Brussels Is Offering Nearly $1,000 to People to Give Up Their Cars
In a scheme to promote bikes and clean transport, Belgians can get paid to not drive.
Belgium: it doesn't come up much unless it's hosting the most embarrassing shambles of a Grand Prix for 70 years or so. But it is a country and things do happen there, especially in the capital of Brussels, which has a clean air problem it's applying a direct solution to: Paying people €900, or $988 USD to unregister their cars.
The scheme is a revamp of an existing program called Bruxell'Air which was already offering incentives to try and get people to stop driving through Brussels. A relatively tiny city, Brussels has strikingly poor air quality compared to the places around it—on par with Paris, Amsterdam, or even the oxygen-free smoghole that is London.
That's partly because of terrible traffic problems around the city. If you've ever had the misfortune to think "well, driving across Belgium won't take long" and then gone the direction of Bruges and Brussels, rather than down to the south, you'll know that sitting totally stationary is a major part of the experience.
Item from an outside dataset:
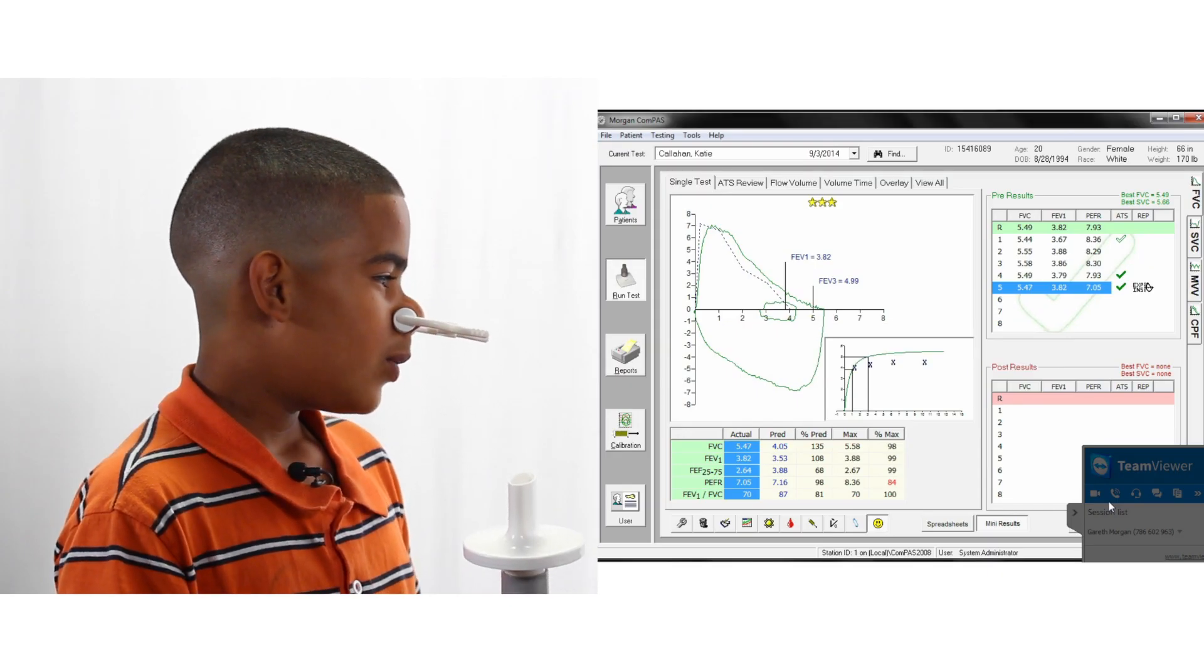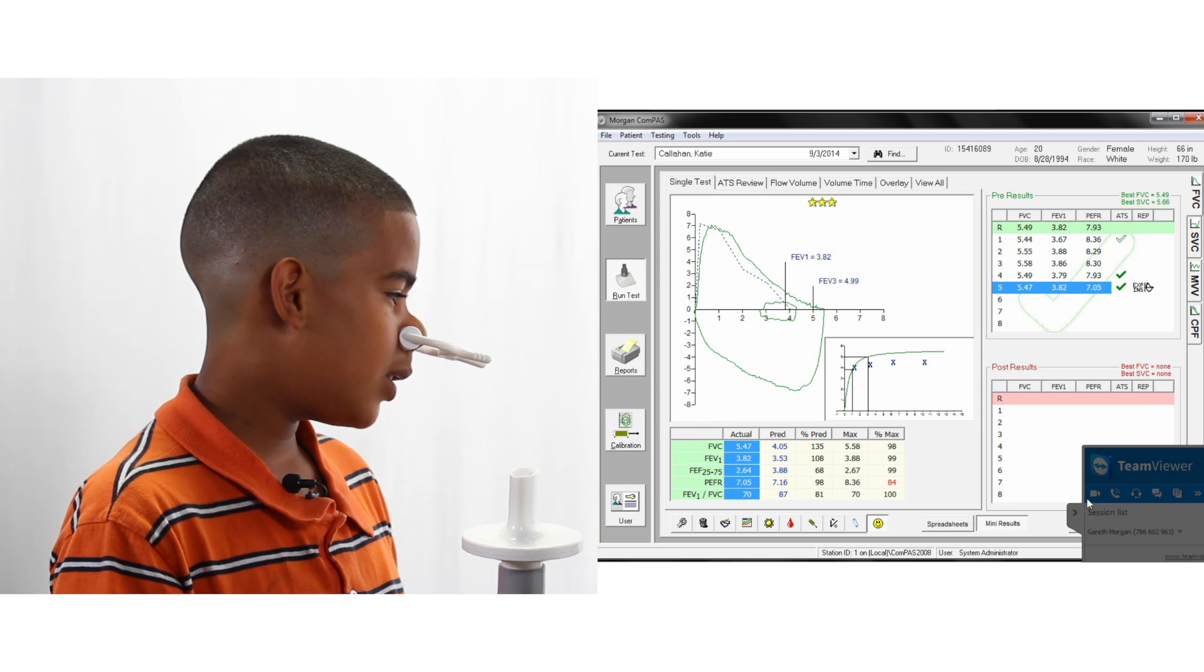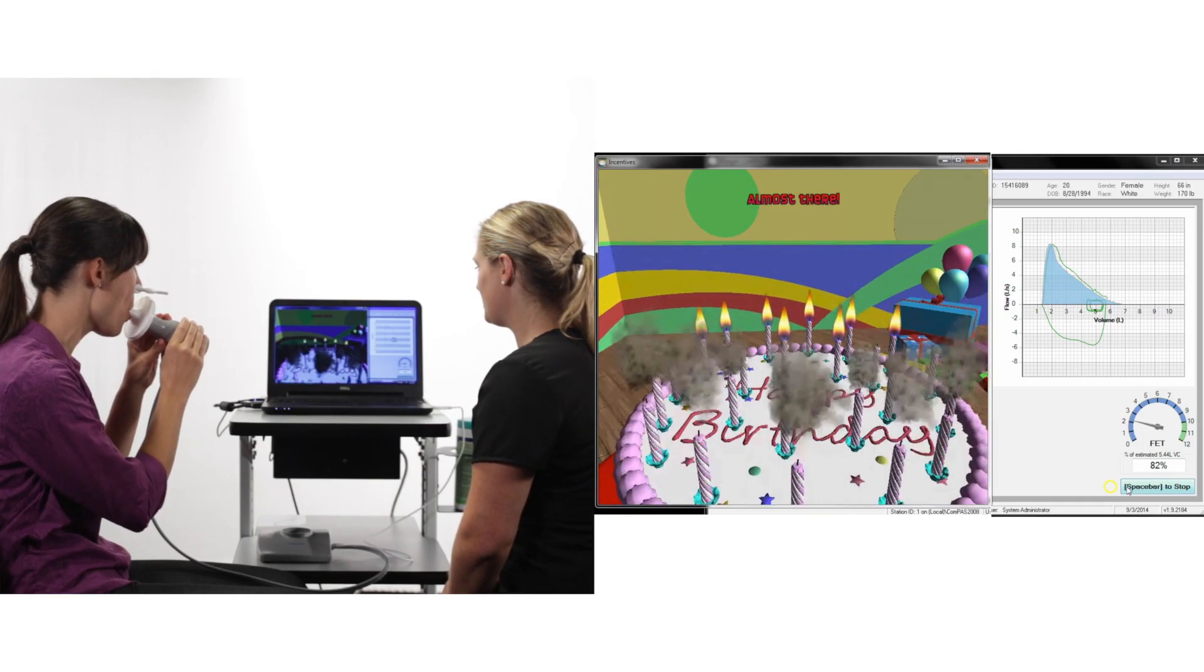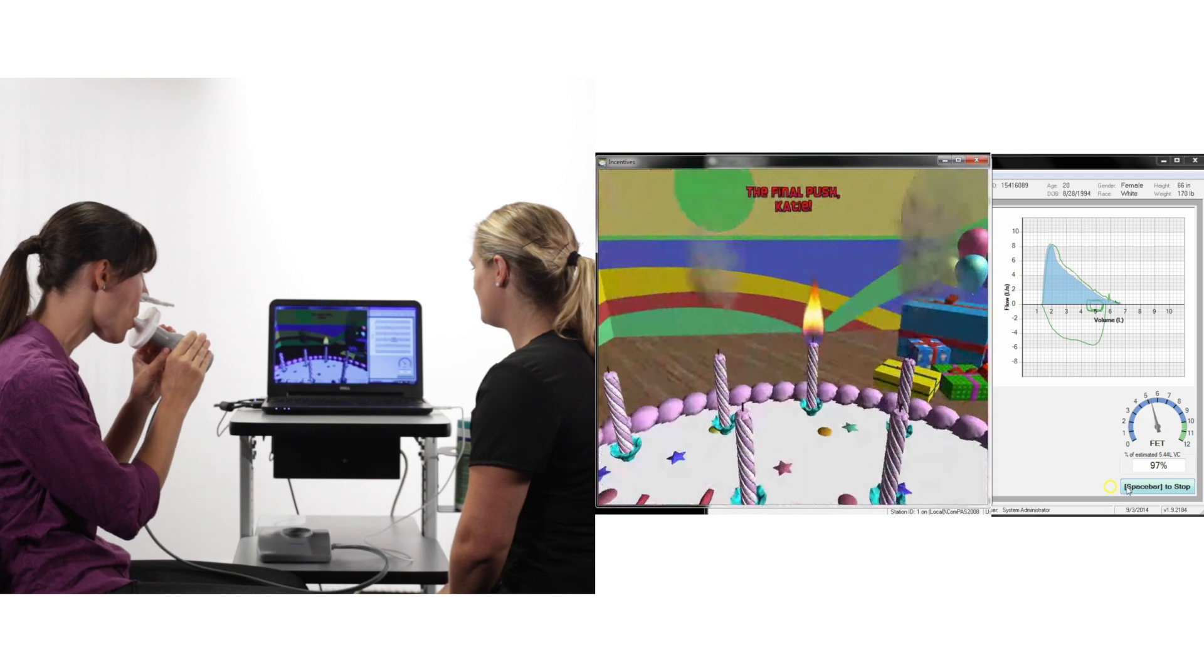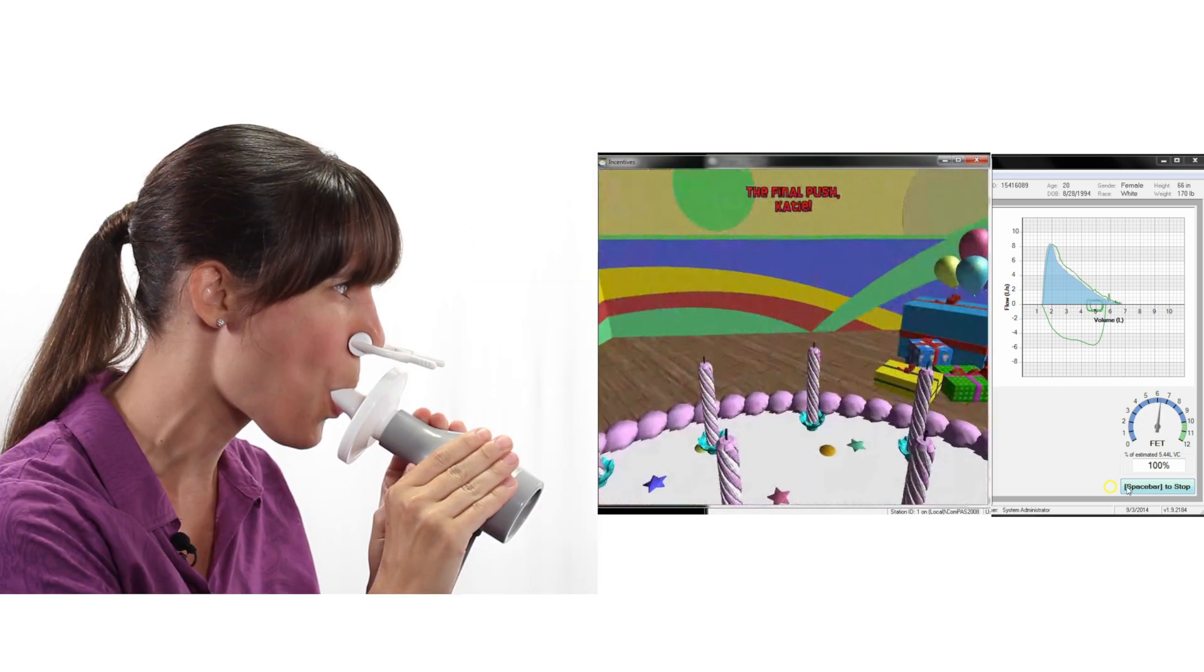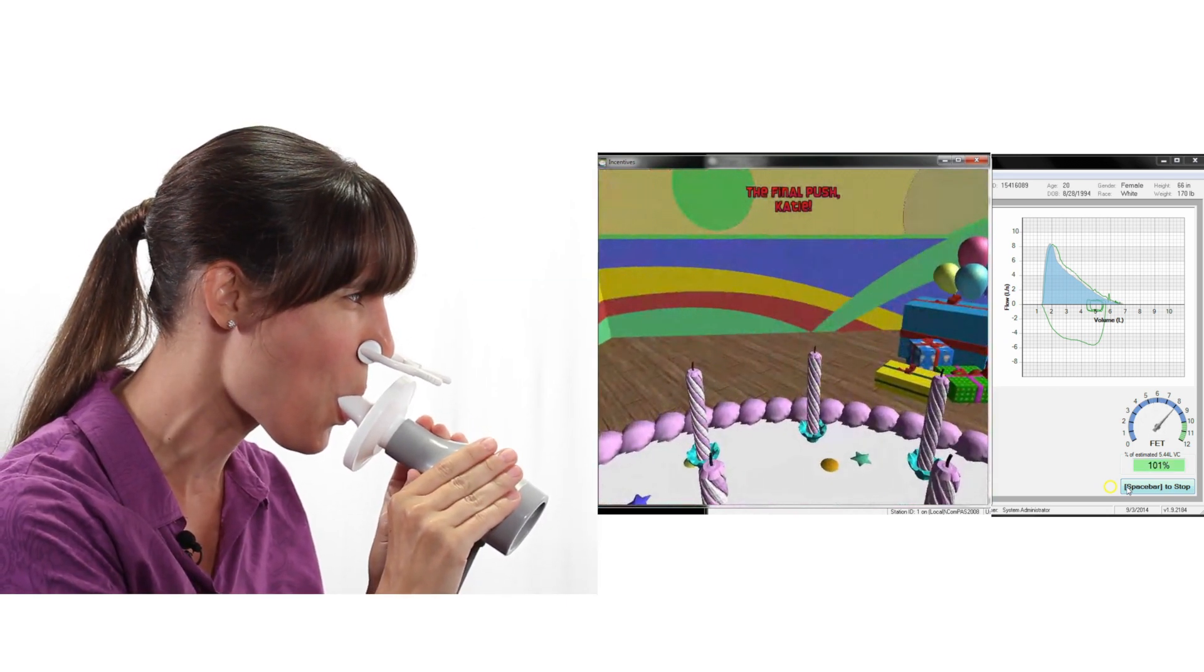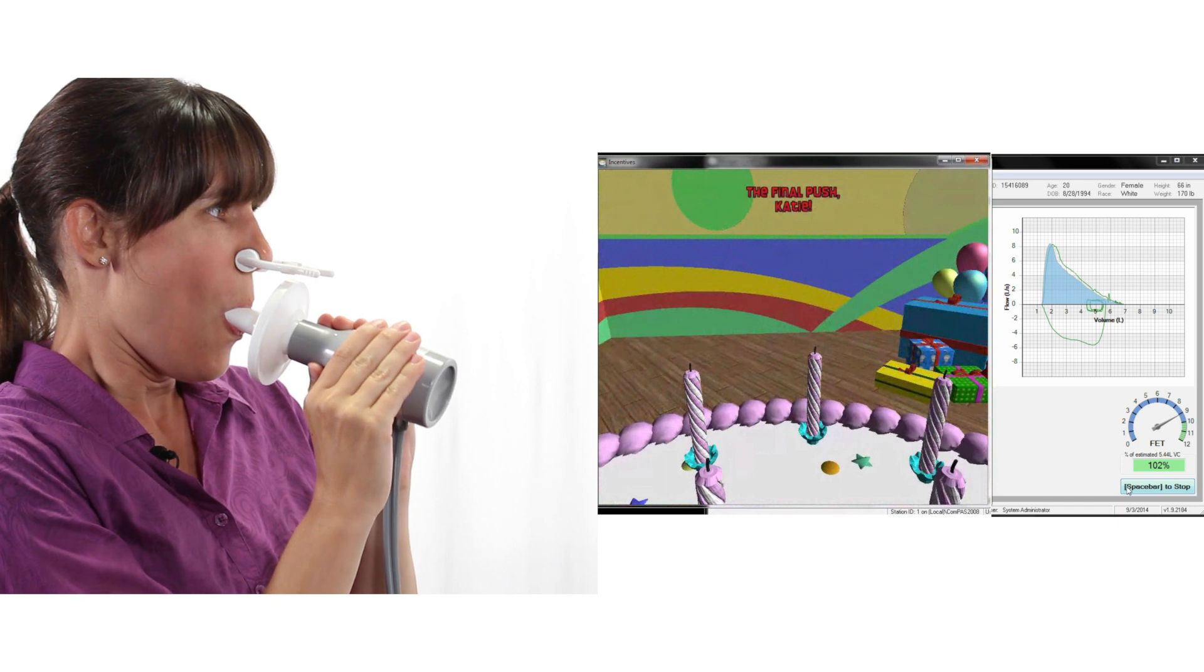The incentive screens can pop forward and be sized for optimal display. Clicking and holding the top bar of the animation window will allow the user to move position to anywhere on the desktop.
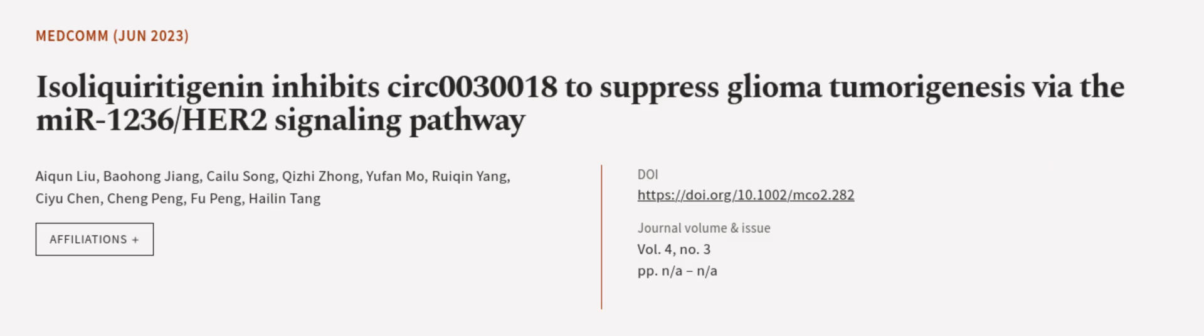This article was authored by Aikun Liu, Bao Hongjiang, Kai Lu Song, and others. We are article.tv, links in the description below.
Since the scale of Brussels' particulate pollution problem was realized in 2017, the city has been making radical efforts to try and clean it up.
So, how do you stop people driving cars? One solution is to give them the money to buy an alternative form of transport, which Brussels is pushing with its incentive. Cairgo bikes are already part of the low-emissions zone scheme, with significant discounts being offered to buy one to take vans and cars off the roads.
This latest option, however, is more direct: if you unregister your car—making it legally undrivable, although you could still sell it—then you can receive up to $988 to buy alternative equipment or public transport passes. That maximum amount is available to people on their own earning up to $41,301 (€37,600) annually or any disabled person. People earning up to $82,495 (€75,100) can also get a grant up to $549 (€500) to do the same.
Brussels' hope is that this will get some of its traffic problems eased by taking cars off the road and encouraging people to stop driving through the city, which has a good public transport system and metro but not really the road infrastructure for the traffic it's handling.